National Assembly Speaker Justin Muturi says religion should not be used to promote hatred.

Overview
  • National Assembly Speaker Justin Muturi says religion should not be used to promote hatred but peace and tolerance among Kenyans.
  • “As people of faith, we are summoned to push against those who try to distort our religion and religions,” he said at the National Prayer Breakfast in Nairobi Friday.
  • “In today’s world, for example, when hate groups have their own Twitter accounts and other forms technology in the cyber space, it can even be harder to counter attack such intolerance, but God compels us to try,” Muturi urged.

“As people of faith, we are summoned to push against those who try to distort our religion and religions,” he said at the National Prayer Breakfast in Nairobi Friday.

Besides other ideological issues, terrorist are known of using religion to advance their evil schemes.

“In today’s world, for example, when hate groups have their own Twitter accounts and other forms of technology in the cyber space, it can even be harder to counter attack such intolerance, but God compels us to try,” Muturi urged.

“We should start by the basic humility. That study point of faith is not being so full of ourselves; that you are right and God only speaks to us and not to others.”

A case study on what the Speaker is advocating for is an incident where a Muslim teacher sustained several gunshot wounds and eventually succumbed while shielding Christians during a bus attack in Mandera.

Sala Farah was shot after refusing to be separated from Christian passengers during an Al Shabaab attack on a bus travelling from Mandera to Nairobi in December 2015.

He later succumbed to his wounds, leaving behind four young children aged between two and 10, and a pregnant wife.

Farah has since been awarded the Order of the Grand Warrior of Kenya by President Uhuru Kenyatta “in recognition of his remarkable act of valour”.

The award is given by the president to acclaim “distinguished and outstanding services rendered to the nation in various capacities and responsibilities”.

“He died defending people he did not know. This is because he believed in their right to freedom of worship and he knew that every single life – irrespective of faith – is sacred,” President Kenyatta said during the State of Nation address in parliament.

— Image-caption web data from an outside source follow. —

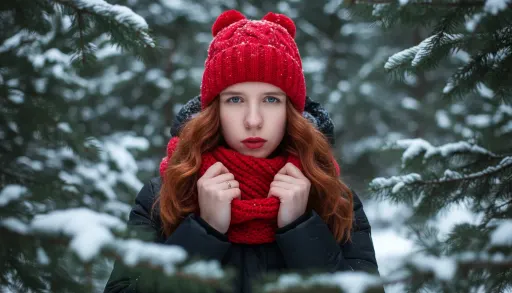 AI-фотосессия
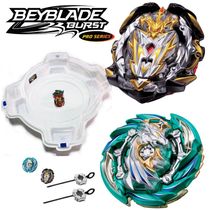 Arena de Batalha com Lançador Beyblade Pro Series - Hasbro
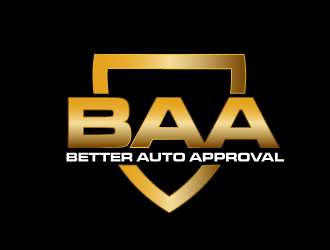 Better Auto Approval logo design by tec343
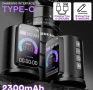 Нова Poseidon NEW Adjustable stroke tattoo machine., снимка 6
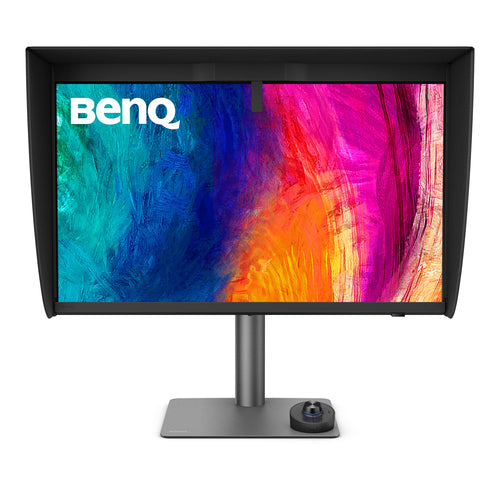 BenQ PD2770U computer monitor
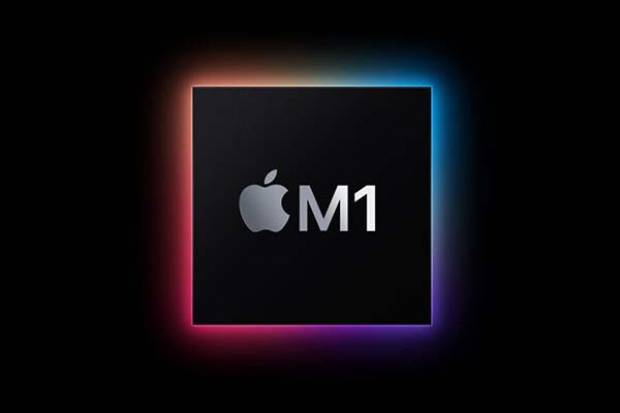Apple presenta M1, el primer procesador ARM para el Mac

“He is a powerful symbol of our country’s ambition to attain the full expression of secure and cohesive nationhood, and he is a costly reminder that we all have a role to play in protecting our freedoms.”

The prayers come as political leaders in the country continue to engage on various pertinent issues which include electoral reforms ahead of 2017 General Election, the fight against graft among others.

Muturi urged Kenyans of faith to dedicate the country before God, for unity, reconciliation and prosperity to be realised.

“Whatever our traditions or beliefs, we must seek to be instrument of peace by bringing light where there is darkness, sowing love where there is hatred and render justice, mercy and compassion to the most vulnerable,” he said.